И смел упрекать ее, что она была бы плохой матерью! Уж наверное, мать из нее получилась бы куда лучше, чем из него — отец, если даже рождественский подарок дочери он купил лишь после того как она напомнила ему об этом!

А теперь поздно — поздно что-либо говорить, поздно просить прощения…

«Ты должен ее любить… пожалуйста…» — наверное, если бы Линнет могла ему сказать что-то, сказала бы то же самое. Разве девочка виновата, что у нее зеленые глаза и материнская улыбка, и порой, когда он на нее смотрит, сжимается сердце? Ведь она действительно часть Линнет, оставленная ему как прощальный подарок!

Линнет…

Она и Амелия — полные противоположности. Лишь одно роднит их: любовь к жизни, умение видеть красоту в простом цветке, в летящей птице, в снежинках, в облаках и капельках воды на листе. Видеть — и радоваться этой красоте. И творить красоту.

Стеклянные цветы, прекрасные и хрупкие, которые могут вечно радовать глаз — а могут разбиться в одно мгновение…

Неужели это все пропадет, неужели Амелия больше никогда не придет, не скажет: «А я новую вазу сделала. Пошли, посмотришь?!»

Господи, ну не может же быть так, чтобы одна и та же болезнь отняла у него и вторую любимую женщину!

Любимую женщину?! Филипп поразился, как легко и естественно вдруг подумались эти слова, будто нечто само собой разумеющееся. Любимую женщину? Амелию?

Возможно, удивление промелькнуло и на его лице — Джино прервался на середине фразы и спросил:

— Что?

Словно в ответ, в коридоре послышались тяжелые шаги — ближе, ближе…

Из-за угла вывернулся пожилой полусонный санитар с пачкой белья в руках. Филипп перевел дыхание, только сейчас поняв, что на несколько секунд забыл, что нужно дышать.
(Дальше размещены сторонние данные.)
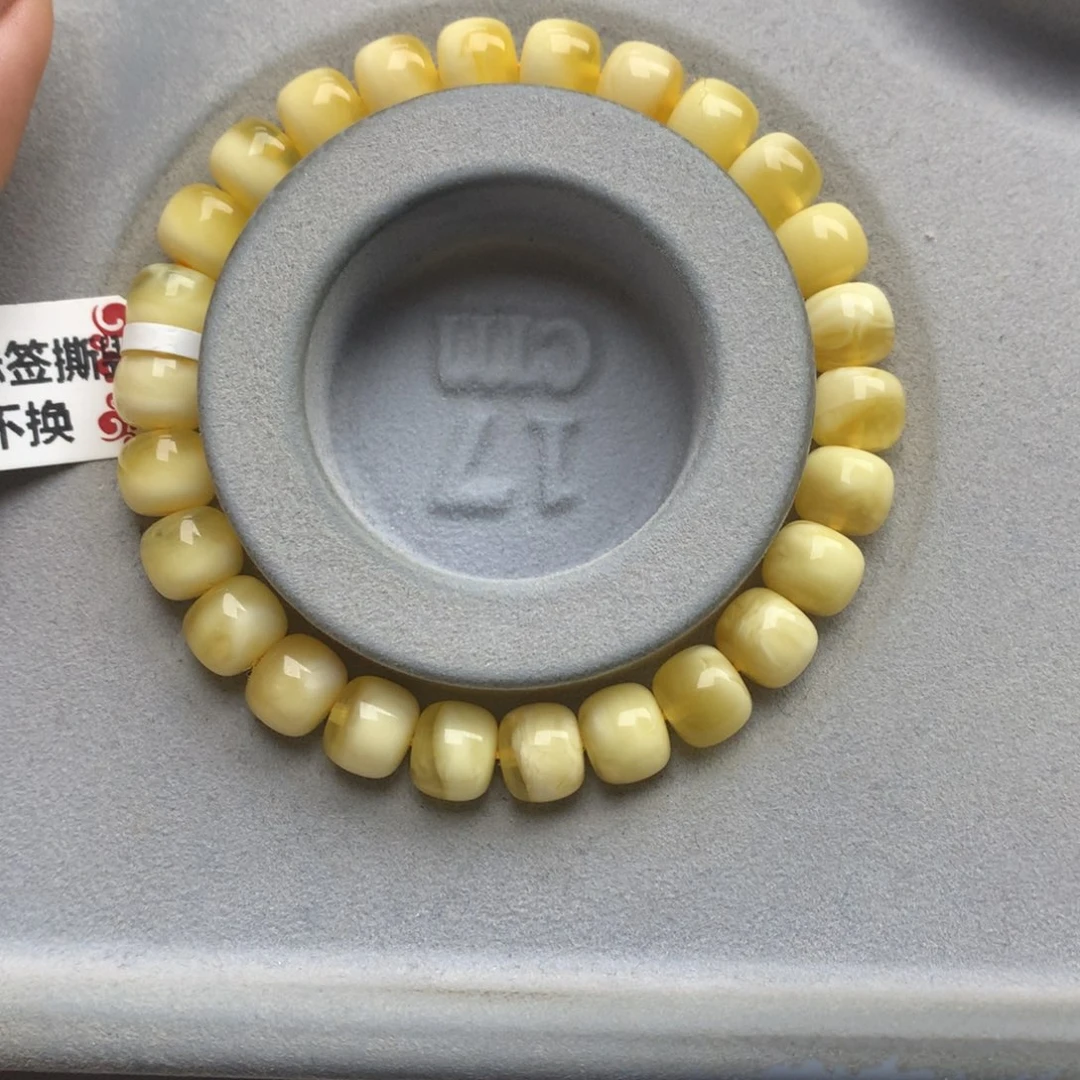 蜜蜡珠宝奇石未镶嵌5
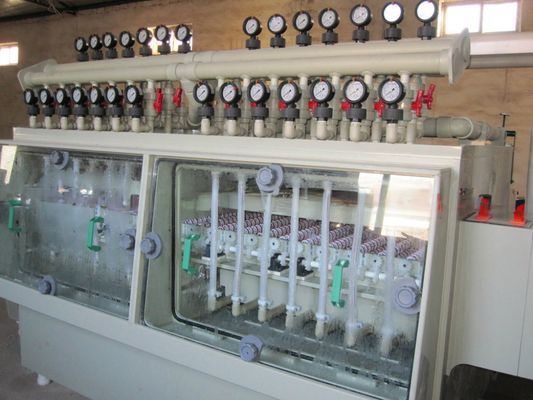 Ge-Sk12 Máquina de gravação/desenvolvimento de PCB para produção Altura de trabalho 850 mm / 50 mm Ajustar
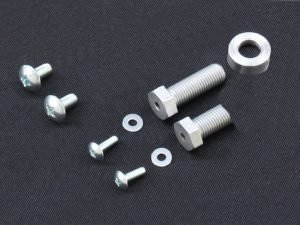 Misc Fitting Hardware, Seat Cowling, NSR250V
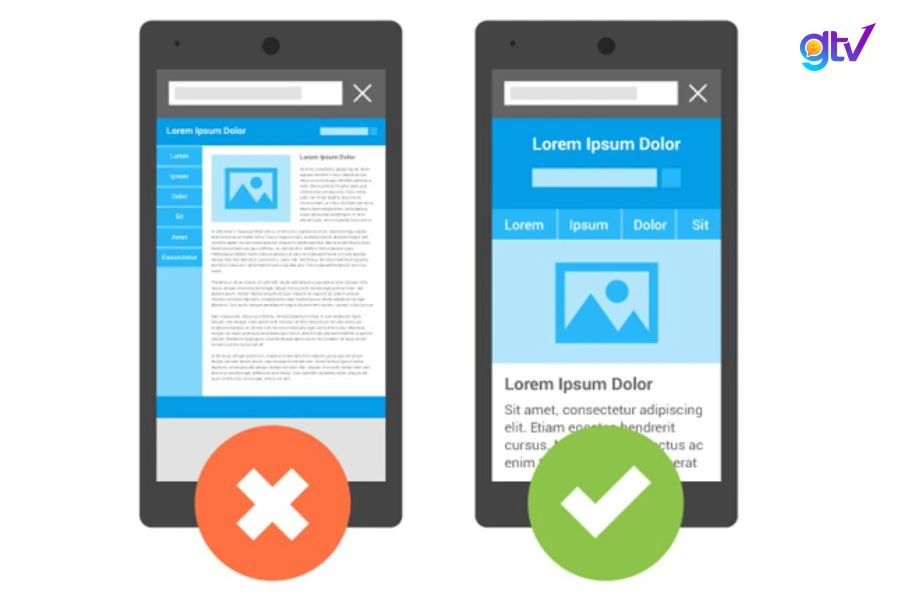 mobile friendly 3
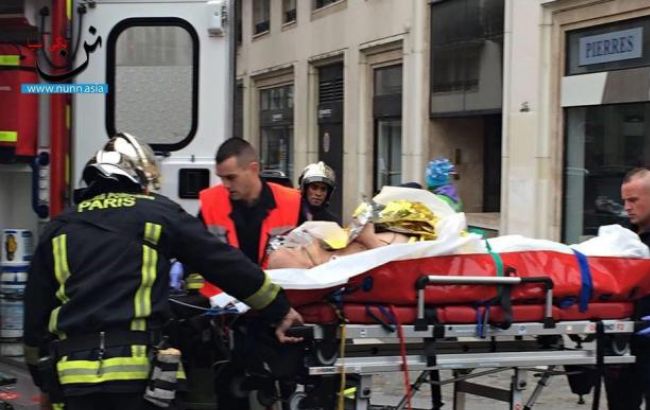 Теракти у Франції: усі подробиці трагедії в Парижі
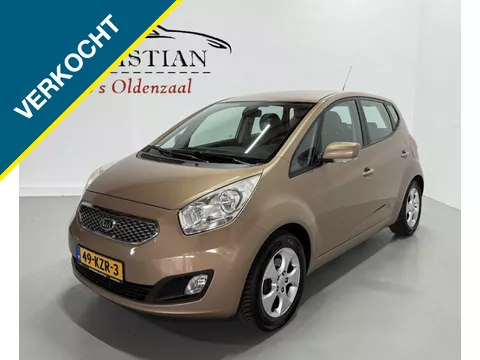 Kia Venga 1.4 CVVT X-ecutive | CLIMA | TREKHAAK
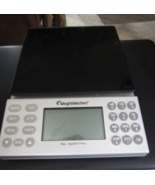 Weight Watchers Electronic Food Scale w/ Points Value Database Large Dis... - £20.99 GBP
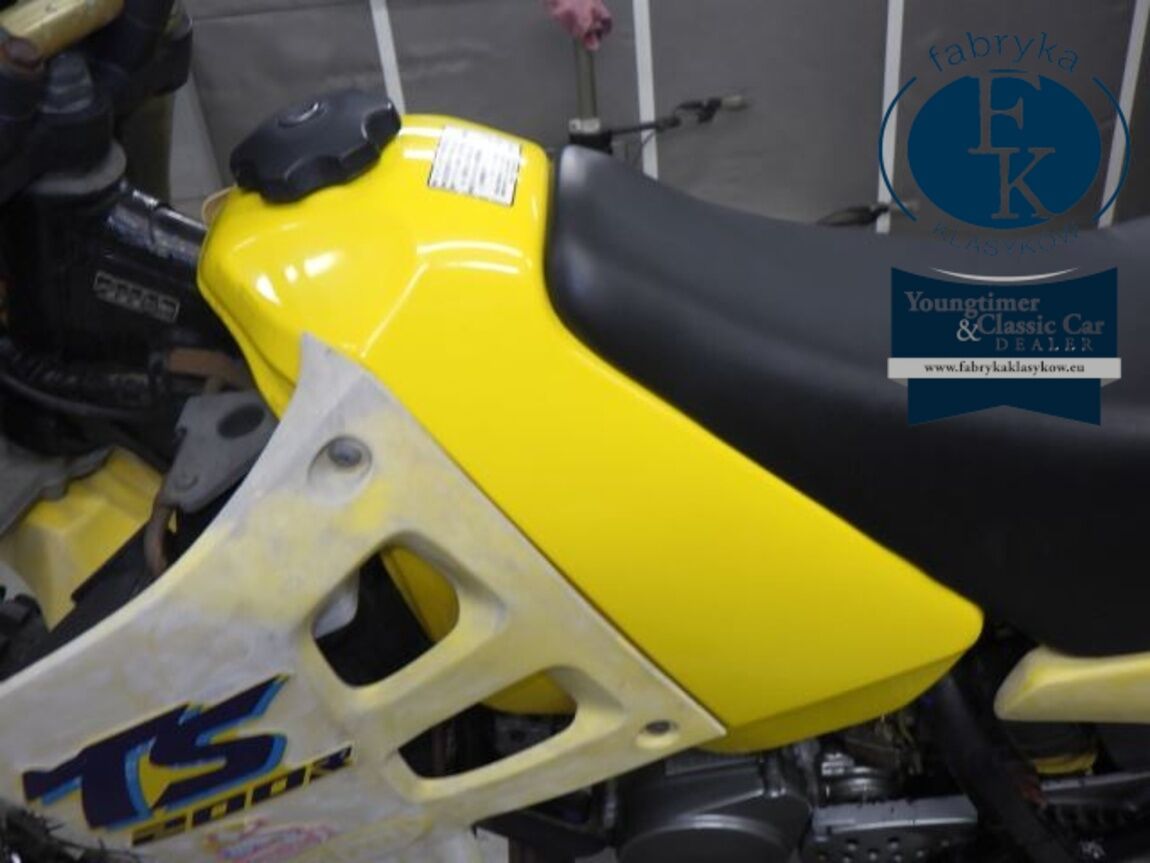 SUZUKI TS200R  - zdjęcie 20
И тут дверь, напротив которой они сидели, отворилась, и вышел мужчина средних лет в хирургическом костюме и очках. Взглянул на них с Джино, сказал полувопросительно:

— Госпожа фон Вальрехт…

Глава двадцать пятая

— Да, — будто подхваченный ветром, Филипп сорвался с места. — Да, что с ней?!

— Операция закончилась. Госпожа фон… — мужчина сделал короткую, буквально секундную паузу, но показалось, что за эту секунду прошла целая жизнь, — Вальрехт сейчас находится в палате пробуждения, чуть позже ее переведут в хирургическое отделение…

Умом Филипп понимал, что да, действительно, перед ним стоит врач и говорит, что Амелия жива, что операция прошла успешно. Понимал и не понимал; слишком долго он готовился к самому худшему и теперь не мог отрешиться от нахлынувшего ощущения нереальности происходящего. В ушах шумело, казалось, врач медленно, как при съемке рапидом, открывает рот и издает непонятные звуки: «Оо-оаее-ееиюу-уу…».

Он сморгнул и мотнул головой, стряхивая морок. Жизнь вокруг снова потекла в обычном темпе.

— Еще час-полтора, и последствия могли бы быть куда тяжелее, — продолжал врач. — Но в данном случае образовавшийся аппендикулярный абсцесс не успел прорваться в брюшную полость.

Она жива! Жива и будет жить… жива… и будет жить!

Наверное, надо было улыбаться, но почему-то хотелось плакать…

— Я могу ее увидеть?

— Приходите часов в десять утра, к тому времени госпожа фон Вальрехт уже придет в себя и, я полагаю, будет в состоянии принимать посетителей. В пяти минутах езды отсюда есть отель, можете попросить сестру в приемном покое позвонить и заказать вам комнату.